Work instructions:
Copy all the data exactly, except the pictures.

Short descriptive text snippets
○ ○ ○ ○ ○ ○ ○
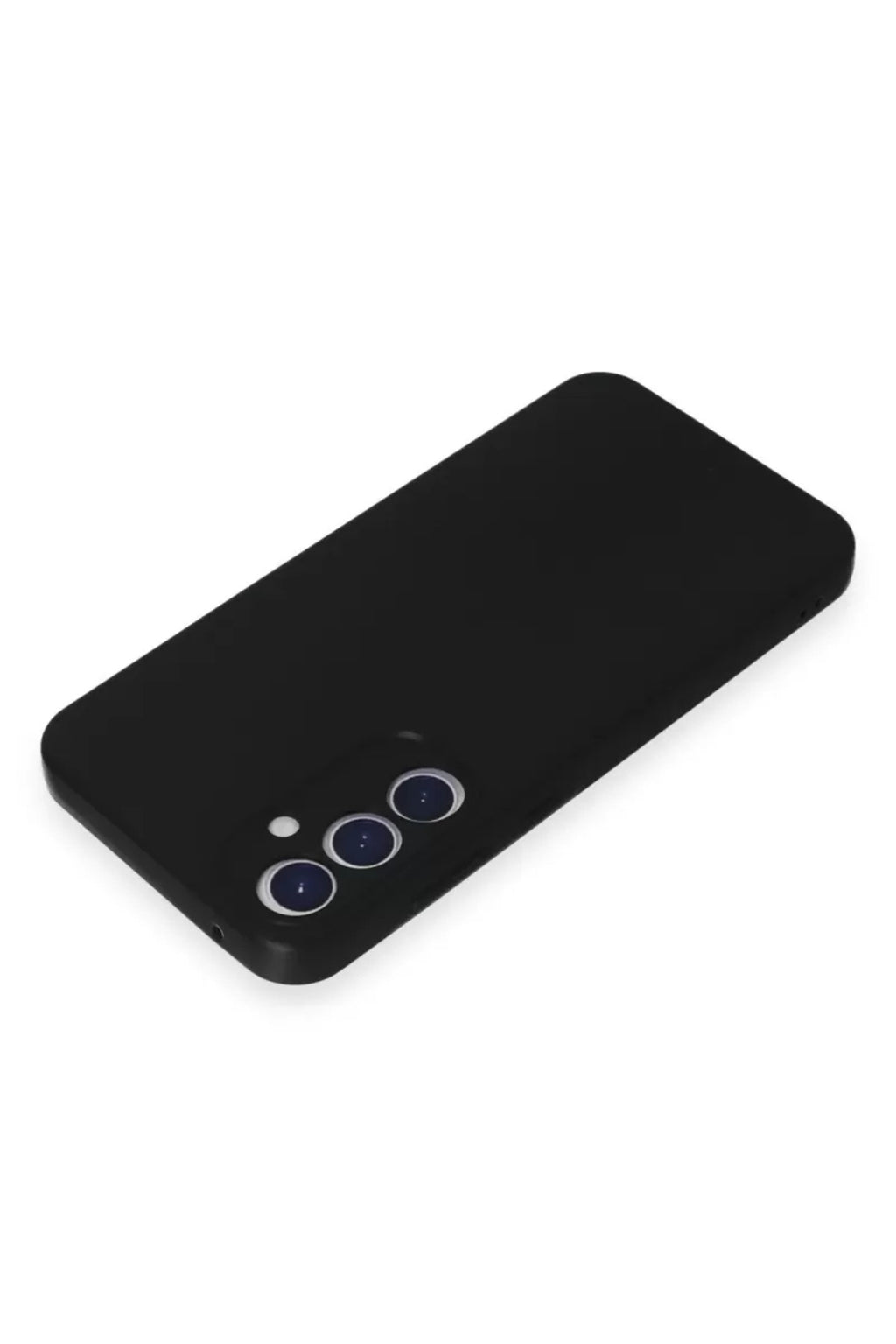 Samsung Galaxy A35 5G Uyumlu Kılıf First Silikon - Siyah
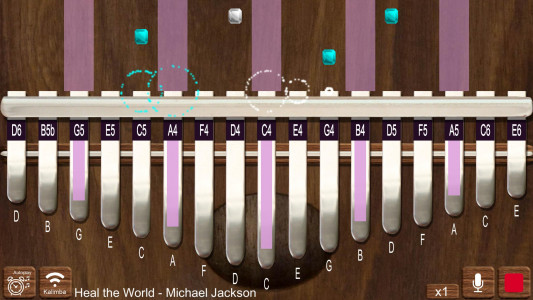 اسکرین شات بازی Kalimba Real 2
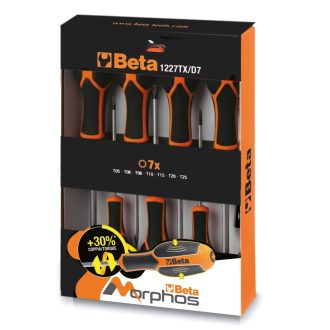 1227TX/D7-7 DB CSAVARHÚZÓ KÉSZLET TORX®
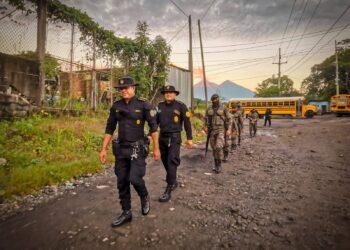 Desarrollan Plan 30-2022 En Escuintla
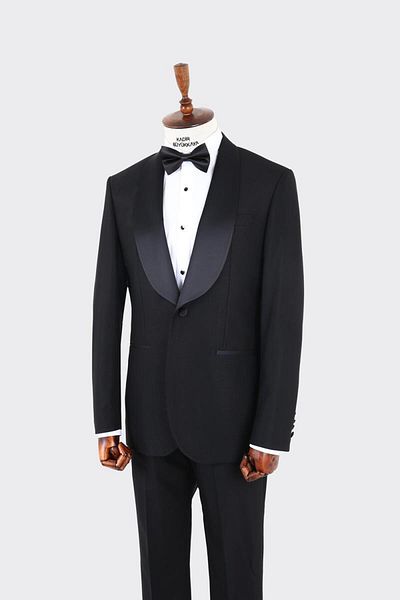 Kadir Büyükkaya Swallow Collar Men's Tuxedo-Kaw1580S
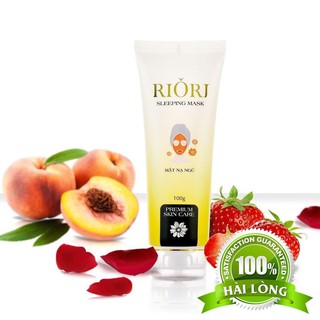 Mặt nạ ngủ ❤ riori sleeping mask dưỡng da ban đêm chuyên sâu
○ ○ ○ ○ ○ ○ ○
Response:
 Samsung Galaxy A35 5G Uyumlu Kılıf First Silikon - Siyah
 اسکرین شات بازی Kalimba Real 2
 1227TX/D7-7 DB CSAVARHÚZÓ KÉSZLET TORX®
 Desarrollan Plan 30-2022 En Escuintla
 Kadir Büyükkaya Swallow Collar Men's Tuxedo-Kaw1580S
 Mặt nạ ngủ ❤ riori sleeping mask dưỡng da ban đêm chuyên sâu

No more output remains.